Find an appropriate, if necessary quiet and pleasant place for the conversation, where there is a comfortable atmosphere and you both feel comfortable to talk and listen.

2) Nonverbal techniques

Approach the person speaking with an open, natural, and calm posture. Avoid folding your arms or using derogatory facial expressions and gestures. Instead, try to adopt more of a mirroring posture, as this will make you appear open and interested in the conversation. Don't make excuses! Try to resist the feeling of filling silence with questions or other talking points. Pauses in talking are good for the person telling the story, as it gives them a chance to catch their breath and organize thoughts.

3) Verbal Techniques

Inquiry:

In Active Listening, inquiring should be exclusively exploratory, which means it is about asking and exploring further narrative content.
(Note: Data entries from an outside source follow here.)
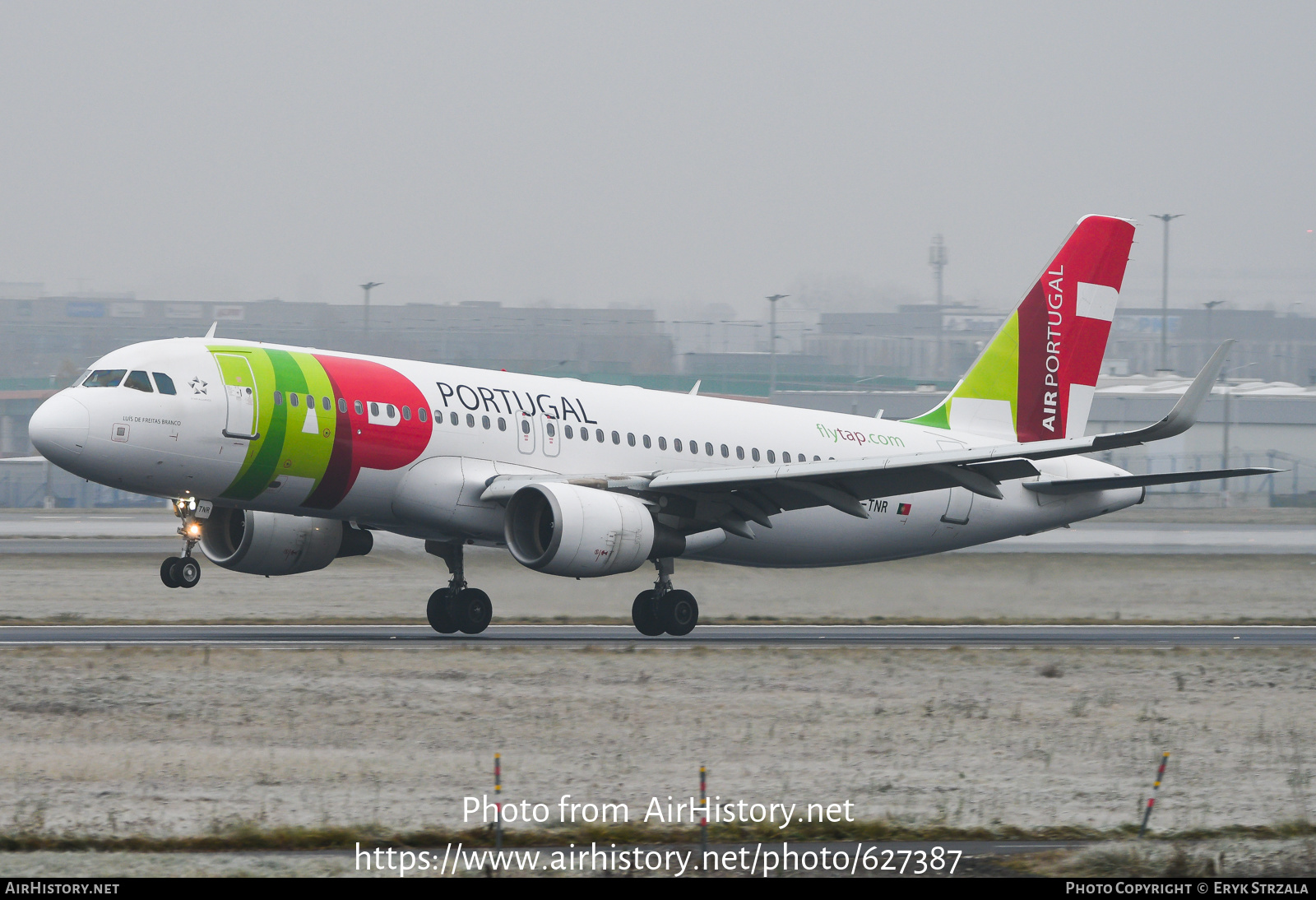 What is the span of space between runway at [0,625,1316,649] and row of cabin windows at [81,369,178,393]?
401cm

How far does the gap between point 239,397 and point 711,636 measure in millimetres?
9537

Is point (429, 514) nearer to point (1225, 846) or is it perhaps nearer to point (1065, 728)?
point (1065, 728)

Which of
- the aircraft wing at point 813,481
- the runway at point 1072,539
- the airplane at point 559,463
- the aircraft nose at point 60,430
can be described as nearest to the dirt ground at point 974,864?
the airplane at point 559,463

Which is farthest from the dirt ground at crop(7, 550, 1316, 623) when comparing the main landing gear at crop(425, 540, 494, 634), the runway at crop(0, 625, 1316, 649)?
the main landing gear at crop(425, 540, 494, 634)

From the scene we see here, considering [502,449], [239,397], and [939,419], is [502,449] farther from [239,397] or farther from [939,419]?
[939,419]

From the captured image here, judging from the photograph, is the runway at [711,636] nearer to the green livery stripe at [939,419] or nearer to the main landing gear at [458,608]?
the main landing gear at [458,608]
Try not to open up new topics in the process. Even if it is difficult at first to ask few follow-up questions, it is advisable to wait, because in practice it is noticeable that questions often resolve themselves in the course of the conversation. It is also important that you do not ask suggestive questions, as these could already anticipate the answers or bring in your own feelings / opinions.
NEGATIVE examples of leading questions might be, "That must have made you feel bad/good/ashamed, right?"
"Surely you feel that...?" 

Paraphrasing:

Paraphrasing is not just repeating what has been said, it goes beyond that. When paraphrasing, the listener repeats what he or she has heard in his or her own words to make sure that everything has been understood correctly. Again, own opinions should be completely left out. Paraphrasing should not be used in an inflationary way, but can help in longer conversations to avoid misunderstanding and give the narrator a chance to correct wrong impressions before continuing. Entry points into paraphrasing could be, "Did I understand correctly that...?", "Do you mean that...?", "You just said that...", "When you say ... does that mean ...?"

Summarize:

Summarizing is an appreciative way to show the person telling the story that active listening is now ending. Summaries show once again that real listening and understanding has taken place. At the same time, it requires a lot of concentration and willingness, so be gracious with yourself. Summarizing, but also the other techniques are there to be practiced! 

When to use Active Listening?

Active Listening can be especially helpful in arguments or situations where you are negotiating needs within your relationship, but also when one person is just reporting a problem. For example, you can listen to each other for a period of time, or make a habit of actively listening before suggesting solutions to the other person.